Data excerpts:
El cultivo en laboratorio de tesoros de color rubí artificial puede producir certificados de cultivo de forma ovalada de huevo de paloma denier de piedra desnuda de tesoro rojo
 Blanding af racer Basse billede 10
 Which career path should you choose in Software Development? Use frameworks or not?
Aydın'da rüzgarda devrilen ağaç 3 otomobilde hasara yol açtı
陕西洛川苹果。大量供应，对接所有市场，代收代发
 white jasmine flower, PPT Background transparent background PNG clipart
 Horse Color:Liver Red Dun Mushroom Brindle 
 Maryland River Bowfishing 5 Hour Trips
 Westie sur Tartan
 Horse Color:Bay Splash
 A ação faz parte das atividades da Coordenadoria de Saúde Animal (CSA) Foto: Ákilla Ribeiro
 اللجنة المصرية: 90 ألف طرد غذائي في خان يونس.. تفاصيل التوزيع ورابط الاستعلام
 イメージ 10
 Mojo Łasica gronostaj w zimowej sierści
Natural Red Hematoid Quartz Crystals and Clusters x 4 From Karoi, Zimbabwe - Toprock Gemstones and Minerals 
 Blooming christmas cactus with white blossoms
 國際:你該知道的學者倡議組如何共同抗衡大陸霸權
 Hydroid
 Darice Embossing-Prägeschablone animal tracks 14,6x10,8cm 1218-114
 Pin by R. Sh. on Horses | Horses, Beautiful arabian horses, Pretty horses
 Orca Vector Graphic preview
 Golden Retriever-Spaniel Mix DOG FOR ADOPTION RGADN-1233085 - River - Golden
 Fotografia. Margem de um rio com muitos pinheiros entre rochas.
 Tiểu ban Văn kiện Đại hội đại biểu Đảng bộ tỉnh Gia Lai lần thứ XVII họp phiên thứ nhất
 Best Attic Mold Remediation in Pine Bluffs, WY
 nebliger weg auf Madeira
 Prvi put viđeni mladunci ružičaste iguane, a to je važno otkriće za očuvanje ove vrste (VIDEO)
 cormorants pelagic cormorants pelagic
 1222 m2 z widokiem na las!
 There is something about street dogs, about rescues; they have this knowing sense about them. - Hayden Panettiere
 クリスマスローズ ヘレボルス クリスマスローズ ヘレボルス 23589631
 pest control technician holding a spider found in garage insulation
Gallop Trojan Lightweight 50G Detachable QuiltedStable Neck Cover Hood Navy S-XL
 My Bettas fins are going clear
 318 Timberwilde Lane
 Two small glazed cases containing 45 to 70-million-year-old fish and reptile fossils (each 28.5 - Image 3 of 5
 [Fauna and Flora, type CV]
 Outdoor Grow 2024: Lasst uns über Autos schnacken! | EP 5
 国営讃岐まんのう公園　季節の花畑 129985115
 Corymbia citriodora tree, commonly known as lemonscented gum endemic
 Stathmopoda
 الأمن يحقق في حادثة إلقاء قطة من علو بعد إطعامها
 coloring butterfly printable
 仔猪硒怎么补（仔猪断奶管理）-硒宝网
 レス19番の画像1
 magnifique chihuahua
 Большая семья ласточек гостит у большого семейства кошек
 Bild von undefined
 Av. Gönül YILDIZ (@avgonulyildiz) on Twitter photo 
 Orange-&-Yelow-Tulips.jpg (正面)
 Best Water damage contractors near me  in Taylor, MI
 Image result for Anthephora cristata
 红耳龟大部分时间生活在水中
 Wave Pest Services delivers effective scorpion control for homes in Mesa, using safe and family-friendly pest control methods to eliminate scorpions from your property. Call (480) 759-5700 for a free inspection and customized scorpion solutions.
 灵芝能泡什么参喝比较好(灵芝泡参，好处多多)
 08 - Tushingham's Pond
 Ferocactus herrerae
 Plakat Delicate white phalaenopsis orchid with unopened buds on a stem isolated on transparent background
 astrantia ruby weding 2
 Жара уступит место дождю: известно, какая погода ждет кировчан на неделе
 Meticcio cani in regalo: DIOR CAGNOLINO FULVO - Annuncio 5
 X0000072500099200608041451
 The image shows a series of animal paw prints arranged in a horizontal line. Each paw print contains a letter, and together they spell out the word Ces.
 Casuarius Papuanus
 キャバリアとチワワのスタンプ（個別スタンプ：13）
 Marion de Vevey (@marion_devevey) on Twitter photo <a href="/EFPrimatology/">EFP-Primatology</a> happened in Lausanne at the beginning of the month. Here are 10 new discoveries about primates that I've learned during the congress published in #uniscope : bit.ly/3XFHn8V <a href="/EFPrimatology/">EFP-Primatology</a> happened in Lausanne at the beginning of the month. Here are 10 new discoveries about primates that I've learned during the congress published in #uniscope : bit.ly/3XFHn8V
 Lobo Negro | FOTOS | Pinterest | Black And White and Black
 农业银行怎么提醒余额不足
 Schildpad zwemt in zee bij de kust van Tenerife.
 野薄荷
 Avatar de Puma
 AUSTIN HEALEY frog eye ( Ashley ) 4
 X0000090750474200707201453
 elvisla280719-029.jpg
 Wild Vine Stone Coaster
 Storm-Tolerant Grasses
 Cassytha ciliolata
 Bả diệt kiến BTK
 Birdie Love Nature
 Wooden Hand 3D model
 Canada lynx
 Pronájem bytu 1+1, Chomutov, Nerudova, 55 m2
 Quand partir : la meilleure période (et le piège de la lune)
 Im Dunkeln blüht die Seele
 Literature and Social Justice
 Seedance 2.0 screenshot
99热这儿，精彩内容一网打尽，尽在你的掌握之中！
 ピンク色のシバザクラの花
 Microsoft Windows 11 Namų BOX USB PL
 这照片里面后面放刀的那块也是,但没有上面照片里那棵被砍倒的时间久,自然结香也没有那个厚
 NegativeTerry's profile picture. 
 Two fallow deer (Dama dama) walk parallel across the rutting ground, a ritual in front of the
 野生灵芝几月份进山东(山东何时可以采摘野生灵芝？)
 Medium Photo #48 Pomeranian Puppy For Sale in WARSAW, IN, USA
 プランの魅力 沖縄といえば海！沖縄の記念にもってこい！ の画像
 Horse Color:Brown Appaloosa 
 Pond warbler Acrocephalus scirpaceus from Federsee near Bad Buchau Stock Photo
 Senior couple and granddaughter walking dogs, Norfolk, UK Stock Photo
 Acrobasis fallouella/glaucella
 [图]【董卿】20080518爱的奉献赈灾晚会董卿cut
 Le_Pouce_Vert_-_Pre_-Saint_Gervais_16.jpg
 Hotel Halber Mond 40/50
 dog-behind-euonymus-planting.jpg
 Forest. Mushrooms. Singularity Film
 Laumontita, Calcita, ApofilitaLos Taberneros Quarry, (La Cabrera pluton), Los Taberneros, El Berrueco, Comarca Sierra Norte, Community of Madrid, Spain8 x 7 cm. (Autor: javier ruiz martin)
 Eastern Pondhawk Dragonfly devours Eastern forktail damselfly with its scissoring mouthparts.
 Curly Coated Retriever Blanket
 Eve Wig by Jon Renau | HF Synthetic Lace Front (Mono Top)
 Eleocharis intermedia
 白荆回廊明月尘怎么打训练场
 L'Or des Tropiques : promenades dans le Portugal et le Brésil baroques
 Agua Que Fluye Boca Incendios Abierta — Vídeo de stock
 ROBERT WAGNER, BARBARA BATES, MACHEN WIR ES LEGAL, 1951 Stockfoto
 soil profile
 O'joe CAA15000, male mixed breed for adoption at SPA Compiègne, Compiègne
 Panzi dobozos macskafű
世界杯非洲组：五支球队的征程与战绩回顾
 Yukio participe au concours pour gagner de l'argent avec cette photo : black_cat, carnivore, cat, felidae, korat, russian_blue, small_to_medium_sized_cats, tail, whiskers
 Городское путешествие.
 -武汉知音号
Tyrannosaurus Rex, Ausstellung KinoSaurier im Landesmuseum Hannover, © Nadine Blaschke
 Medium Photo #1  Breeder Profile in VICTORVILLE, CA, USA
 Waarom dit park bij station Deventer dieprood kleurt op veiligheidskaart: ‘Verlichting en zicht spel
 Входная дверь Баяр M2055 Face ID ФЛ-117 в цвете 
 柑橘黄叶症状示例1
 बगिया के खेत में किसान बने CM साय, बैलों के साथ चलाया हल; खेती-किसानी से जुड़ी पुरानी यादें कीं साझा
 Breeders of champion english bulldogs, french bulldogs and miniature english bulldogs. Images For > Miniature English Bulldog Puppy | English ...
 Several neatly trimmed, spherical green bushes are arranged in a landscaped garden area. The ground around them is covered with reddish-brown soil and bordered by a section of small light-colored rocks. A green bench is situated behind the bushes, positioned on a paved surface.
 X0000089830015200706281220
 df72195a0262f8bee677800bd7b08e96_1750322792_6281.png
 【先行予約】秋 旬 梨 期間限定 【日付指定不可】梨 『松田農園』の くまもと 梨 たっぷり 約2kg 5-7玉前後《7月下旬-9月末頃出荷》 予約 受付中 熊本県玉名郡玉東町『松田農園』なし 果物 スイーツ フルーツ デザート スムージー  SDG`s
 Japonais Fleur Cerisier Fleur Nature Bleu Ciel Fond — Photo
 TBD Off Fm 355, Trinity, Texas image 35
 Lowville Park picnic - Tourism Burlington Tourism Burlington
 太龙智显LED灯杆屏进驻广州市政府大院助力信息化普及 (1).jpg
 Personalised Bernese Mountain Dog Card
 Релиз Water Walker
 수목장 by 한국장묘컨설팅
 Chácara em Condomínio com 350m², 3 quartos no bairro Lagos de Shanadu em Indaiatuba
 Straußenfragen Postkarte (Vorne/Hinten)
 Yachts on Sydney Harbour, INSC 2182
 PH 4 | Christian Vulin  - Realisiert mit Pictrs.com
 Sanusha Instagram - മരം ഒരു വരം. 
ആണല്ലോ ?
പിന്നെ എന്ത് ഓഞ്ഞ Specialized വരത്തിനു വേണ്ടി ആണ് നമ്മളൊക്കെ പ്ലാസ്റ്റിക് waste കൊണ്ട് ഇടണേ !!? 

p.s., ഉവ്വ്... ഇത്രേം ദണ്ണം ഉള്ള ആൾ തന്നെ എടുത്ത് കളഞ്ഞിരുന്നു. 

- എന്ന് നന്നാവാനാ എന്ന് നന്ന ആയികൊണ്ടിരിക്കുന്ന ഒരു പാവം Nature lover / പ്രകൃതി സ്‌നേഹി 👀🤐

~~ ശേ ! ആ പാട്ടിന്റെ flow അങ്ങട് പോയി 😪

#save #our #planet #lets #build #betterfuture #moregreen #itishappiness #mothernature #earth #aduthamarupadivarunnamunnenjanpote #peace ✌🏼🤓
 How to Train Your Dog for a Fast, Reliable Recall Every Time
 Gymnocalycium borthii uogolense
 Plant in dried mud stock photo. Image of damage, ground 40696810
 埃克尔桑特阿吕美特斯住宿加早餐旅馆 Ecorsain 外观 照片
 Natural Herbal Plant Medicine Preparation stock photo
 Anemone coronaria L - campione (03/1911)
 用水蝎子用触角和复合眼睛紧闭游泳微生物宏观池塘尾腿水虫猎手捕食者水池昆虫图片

Your objective: The task calls for all lines in the entries that hold "River".

Result of the exercise:
 Maryland River Bowfishing 5 Hour Trips
 Golden Retriever-Spaniel Mix DOG FOR ADOPTION RGADN-1233085 - River - Golden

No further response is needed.